Memórias distantes essas do Maio de 1968, sejamos realistas exijamos novos e urgentes impossíveis.

Marta disse...

Sofia, hoje a queima dos soutiens parece uma coisa datada e eventualmente de gosto discutível porque justamente já pertencemos a uma geração que nasceu com as ditas conquistas de 68.A queima dos soutiens não passou de um acto simbólico. O soutien simbolizava apenas a opressão a que estávamos, nós mulheres, sujeitas. Como sabes não sou femininista, mas aprecio o facto de ser tratada com respeito e igualdade, como adulta entre iguais, ao contrário das nossas “privilegiadas” mães e avós.

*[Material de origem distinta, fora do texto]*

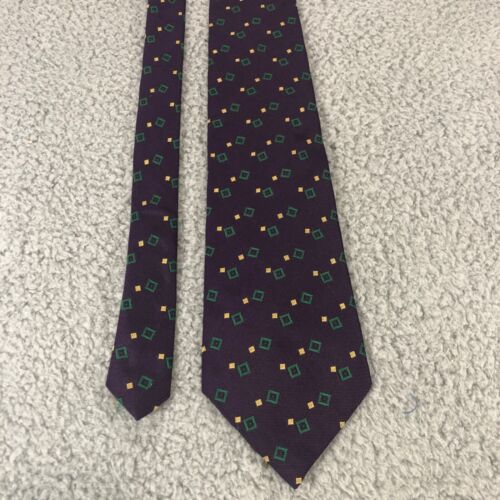 Lauren Ralph Lauren 58" Necktie 100% Silk Purple Geometric Tie - Picture 3 of 5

E permite-me discordar da relação que estabeleces entre este “importante” legado e as actuais condições de vida. A precariedade das condições de trabalho a falta de tempo e o consumo excessivo não são fruto do Maio de 68. Por último, a maioria dos portugueses vive hoje melhor do que há 40 anos: não preciso de te enunciar o decréscimo da taxa de mortalidade infantil e do analfabetismo, e o consequente aumento da escolaridade, da mobilidade social e do acesso a bens de primeira necessidade, entre outros.

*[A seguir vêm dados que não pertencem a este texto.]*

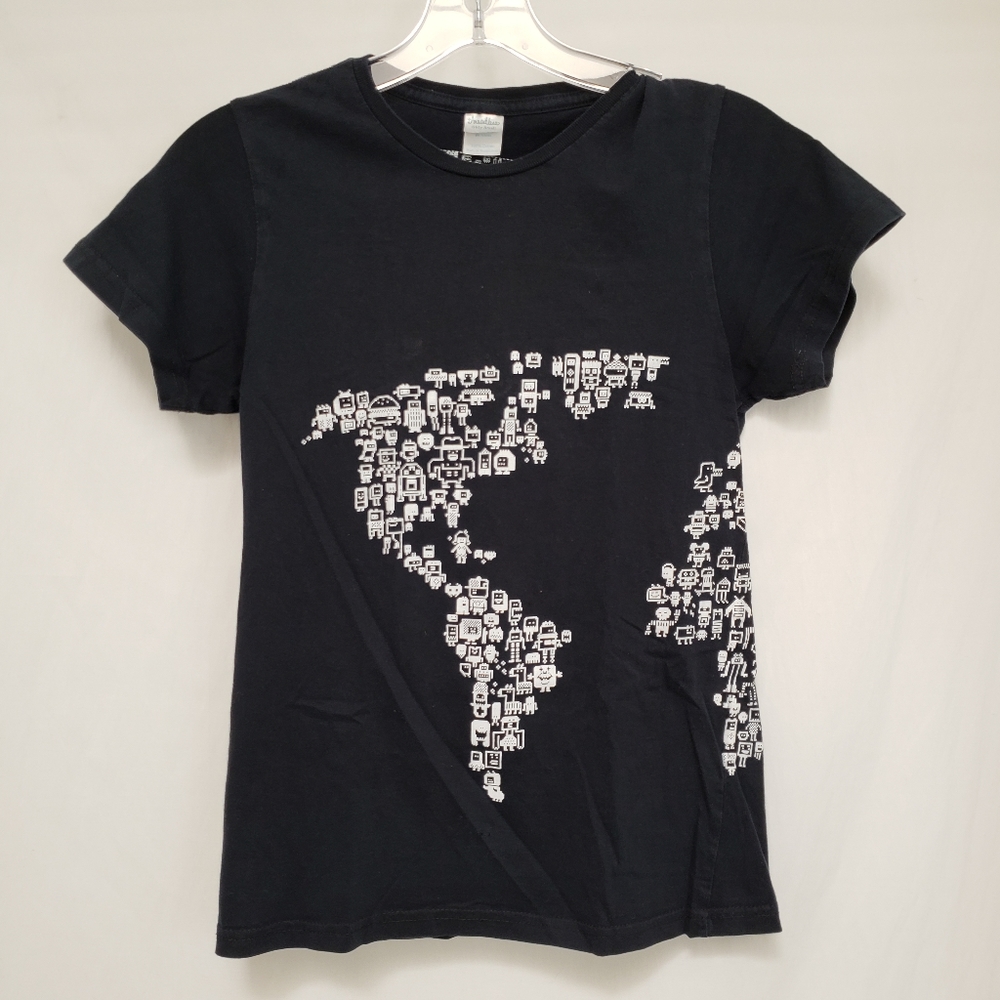 Black Threadless Robot World Tee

E agora a brincar Sofia, diria-te para voltares a espreitar debaixo da tua calçada!

sophia disse...

Serra, também não me parece em absoluto que a evidente melhoria das condições de vida seja fruto de um legado do Maio de 68, não é a ele que devemos o radical decréscimo da mortalidade infantil, nem a escolaridade generalizada, nem a mobilidade social,( esta obedece hoje a mecanismos que em muito pouco diferem dos anteriores a 74, continuamos uma sociedade de padrinhos e afilhados...) etc. Continuo a pensar que foi um movimento que em Portugal foi um eco ligeiro e muito distante do que se passou em França e que na verdade pouco impacto teve na sociedade portuguesa, a não ser nos meios em que já não era de todo urgente. E continuo a pensar que a nossa geração está a assistir de perna cruzada, à perda e corrosão da conquista de bens fundamentais numa democracia, que em muitos aspectos estamos a perder direitos sociais fundamentais como o direito à saúde à justiça e à educação universais e gratuitas. Que a sociedade eventualmente sonhada pela geração de sessenta em muito pouco ou nada tem a ver com a sociedade portuguesa de hoje, não é por acaso que se assiste a um regresso ao país de imigrantes, não é por acaso que o desinteresse pela actividade política é generalizado em que a massificação e alienação da sociedade através do consumo é mais evidente, em que sobressai mais a substituição do analfabetos por iletrados,...
O magnífico programa de António Barreto traçou um retrato nada optimista, quanto a mim, e muito realista das mudanças sociais do Portugal de sessenta e do de hoje.